Instruction for the entries below: return the part that opens with the line containing "Red Snakeskin Pattern" and closes with the line containing "3 Pcs Ceramic", exactly, and no pictures.
*** MATERIAL FOR THE TASK Section Begins ***
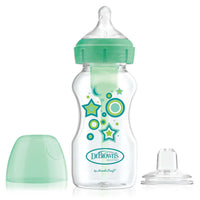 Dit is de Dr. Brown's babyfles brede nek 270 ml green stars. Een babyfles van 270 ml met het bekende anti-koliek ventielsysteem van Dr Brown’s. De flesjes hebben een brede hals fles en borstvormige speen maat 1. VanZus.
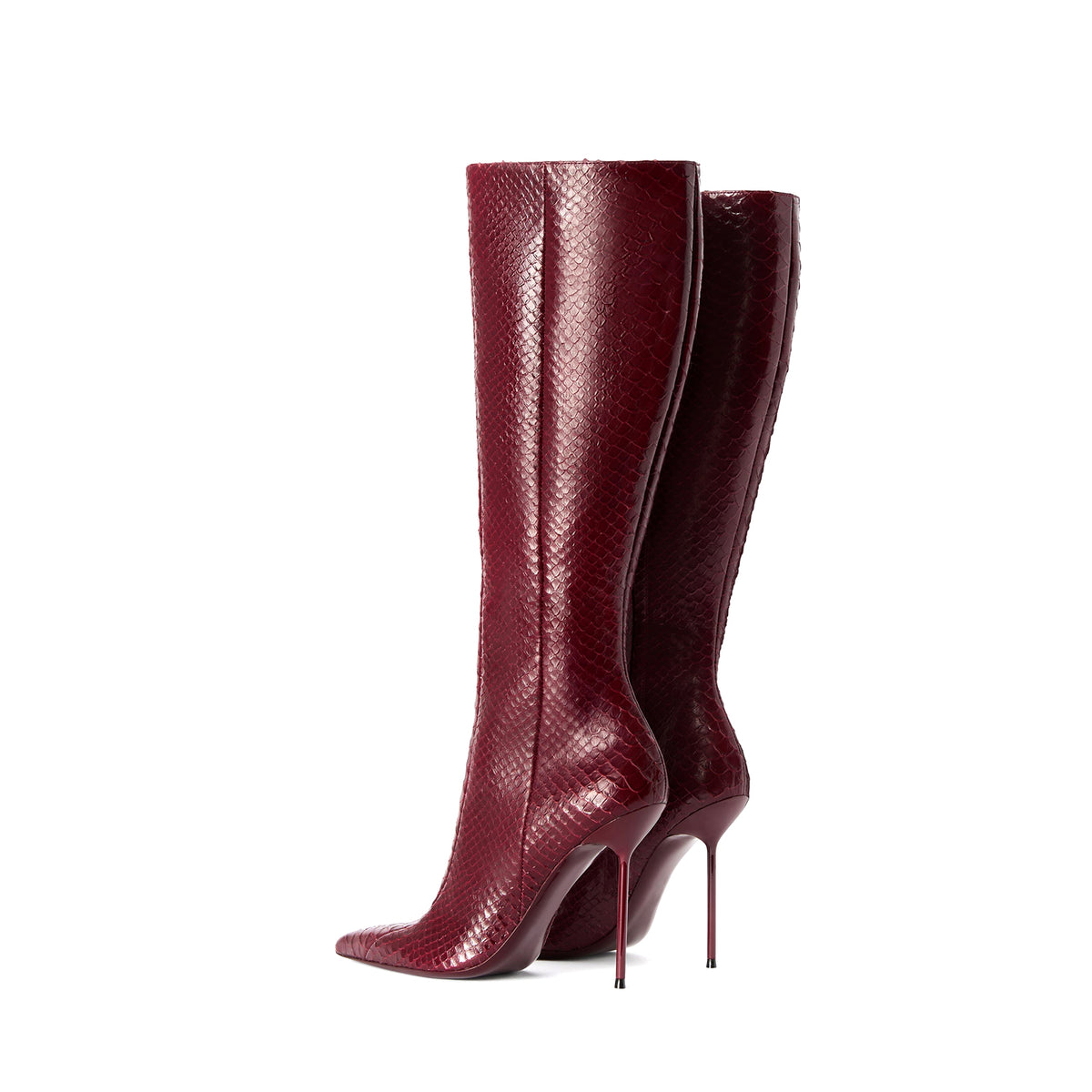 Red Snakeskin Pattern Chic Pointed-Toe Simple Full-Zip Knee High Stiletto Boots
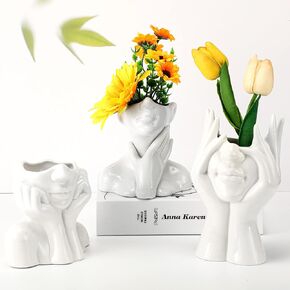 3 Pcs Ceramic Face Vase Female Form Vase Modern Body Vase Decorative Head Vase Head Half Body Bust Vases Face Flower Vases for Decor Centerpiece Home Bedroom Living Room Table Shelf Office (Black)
*** MATERIAL FOR THE TASK Section Ends ***
*** MATERIAL FOR THE TASK Section Begins ***
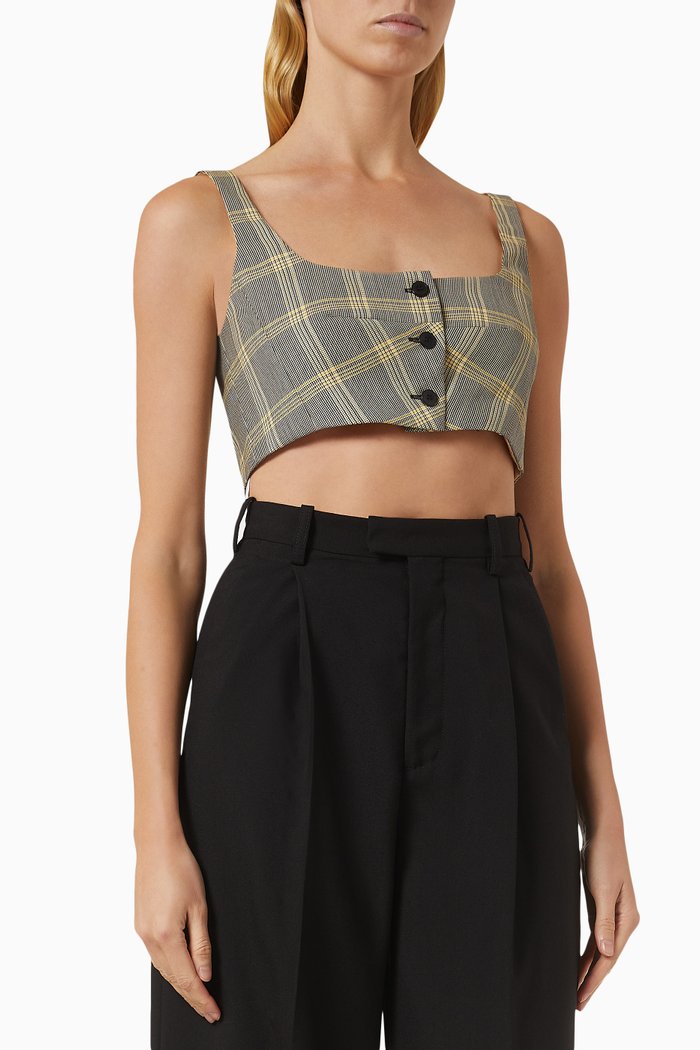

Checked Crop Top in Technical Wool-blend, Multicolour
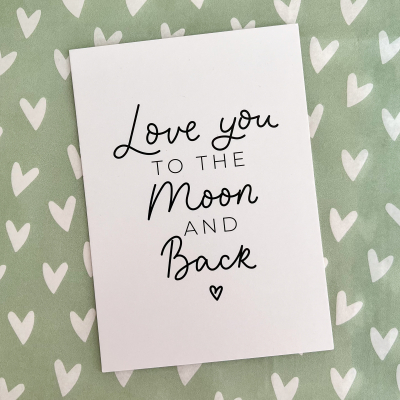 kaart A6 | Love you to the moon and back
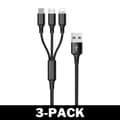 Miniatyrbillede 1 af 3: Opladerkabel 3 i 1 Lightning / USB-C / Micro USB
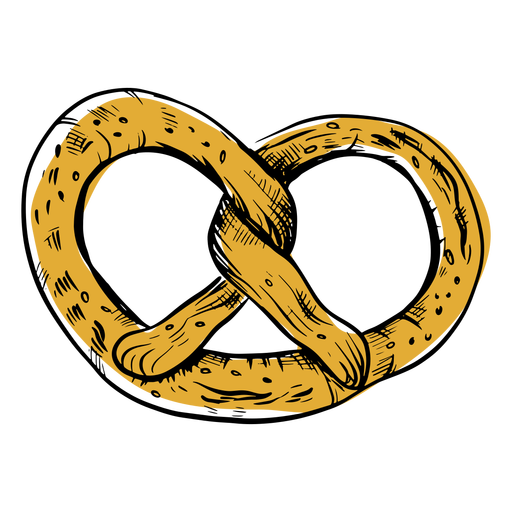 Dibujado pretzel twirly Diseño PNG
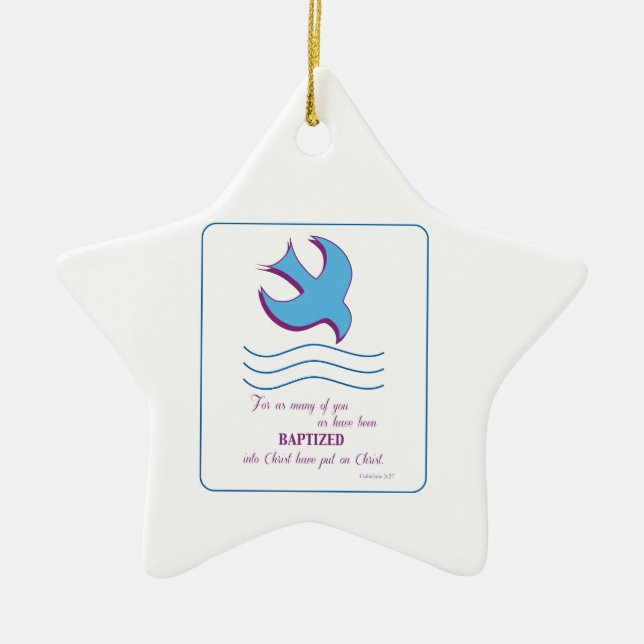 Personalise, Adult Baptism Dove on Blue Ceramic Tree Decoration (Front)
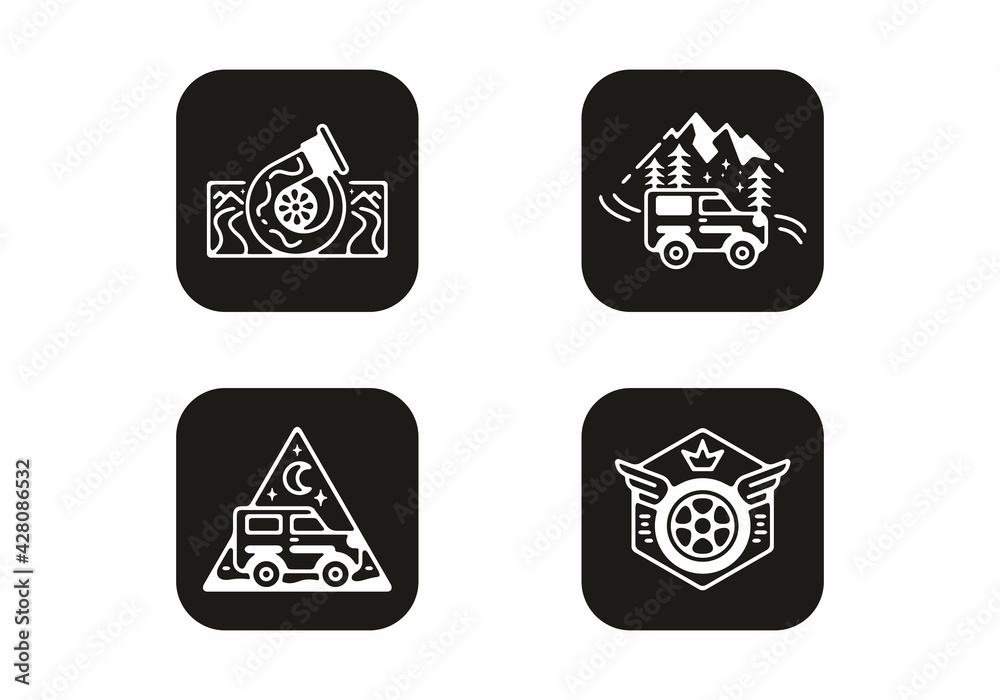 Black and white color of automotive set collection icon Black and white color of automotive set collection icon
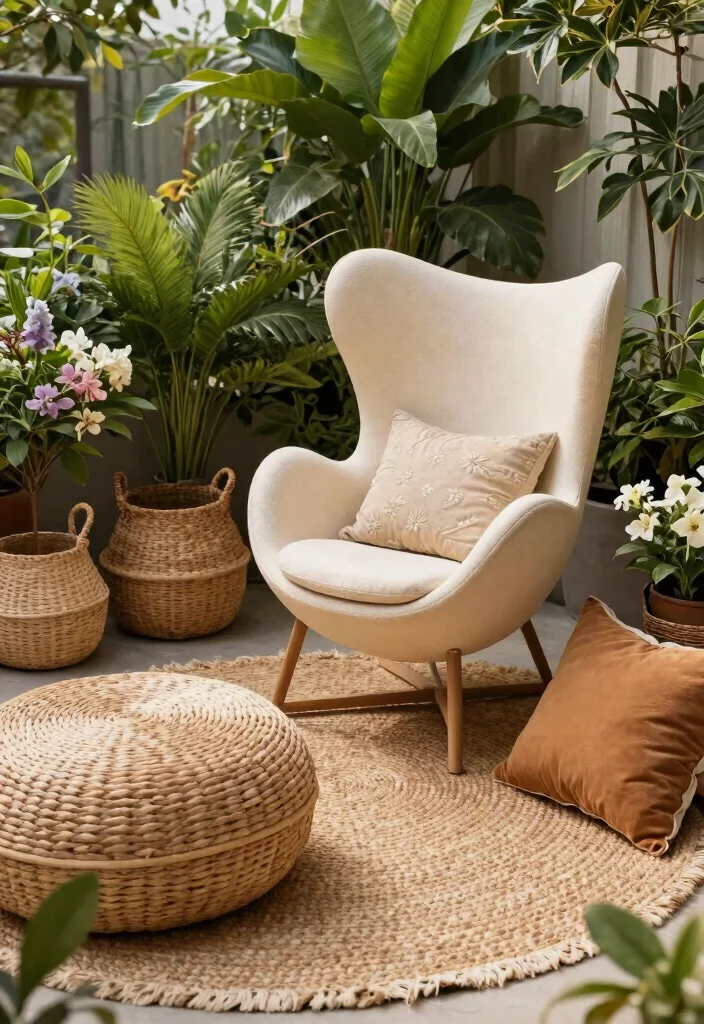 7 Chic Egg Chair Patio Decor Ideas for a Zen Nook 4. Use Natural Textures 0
*** MATERIAL FOR THE TASK Section Ends ***
*** MATERIAL FOR THE TASK Section Begins ***
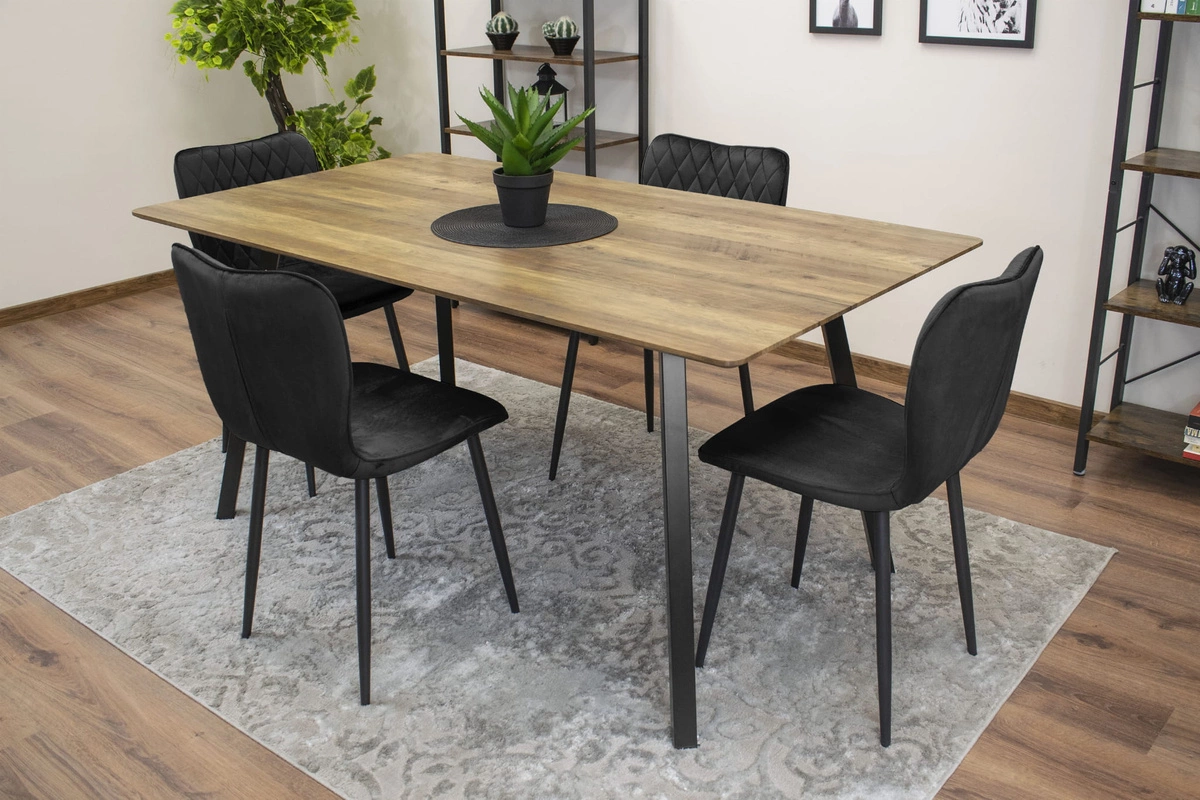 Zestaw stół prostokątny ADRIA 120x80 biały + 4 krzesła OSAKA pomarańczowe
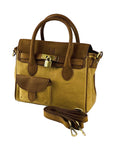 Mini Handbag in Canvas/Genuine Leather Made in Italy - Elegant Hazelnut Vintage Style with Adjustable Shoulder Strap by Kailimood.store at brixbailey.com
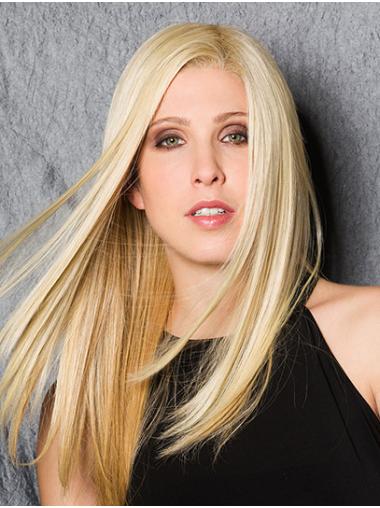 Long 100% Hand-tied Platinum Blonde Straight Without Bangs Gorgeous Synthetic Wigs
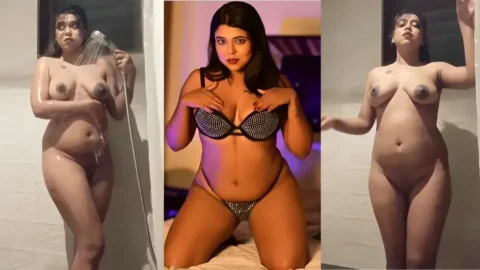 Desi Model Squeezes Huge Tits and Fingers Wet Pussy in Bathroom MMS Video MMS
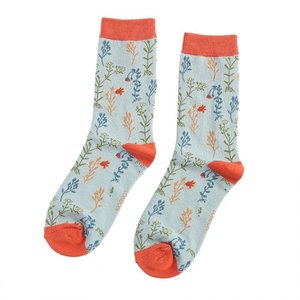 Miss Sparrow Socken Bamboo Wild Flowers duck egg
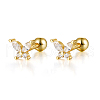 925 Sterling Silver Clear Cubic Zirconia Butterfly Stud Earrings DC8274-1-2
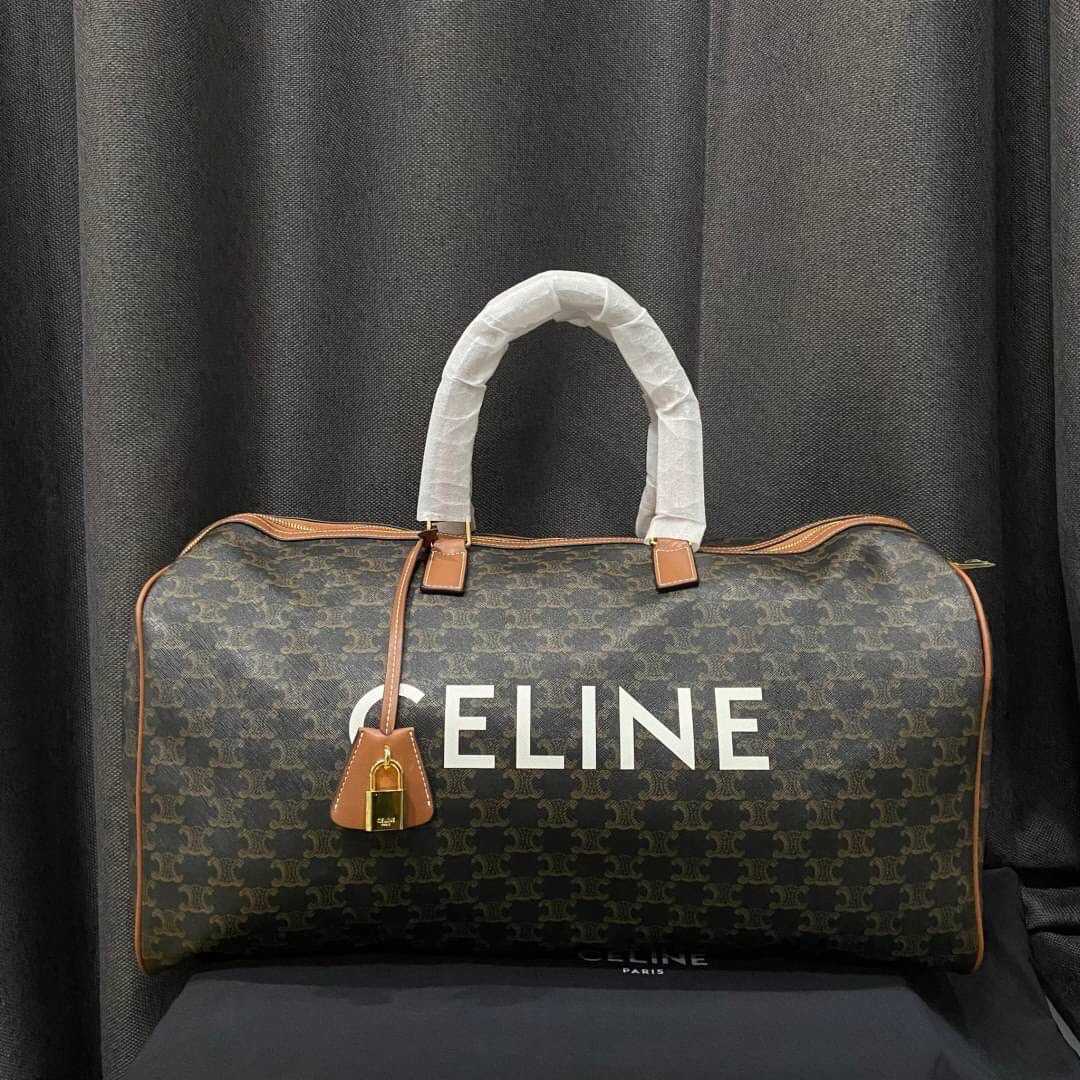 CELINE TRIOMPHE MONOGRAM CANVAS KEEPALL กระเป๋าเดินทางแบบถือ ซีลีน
*** MATERIAL FOR THE TASK Section Ends ***
#### [YOUR RESPONSE]
 Red Snakeskin Pattern Chic Pointed-Toe Simple Full-Zip Knee High Stiletto Boots
 3 Pcs Ceramic Face Vase Female Form Vase Modern Body Vase Decorative Head Vase Head Half Body Bust Vases Face Flower Vases for Decor Centerpiece Home Bedroom Living Room Table Shelf Office (Black)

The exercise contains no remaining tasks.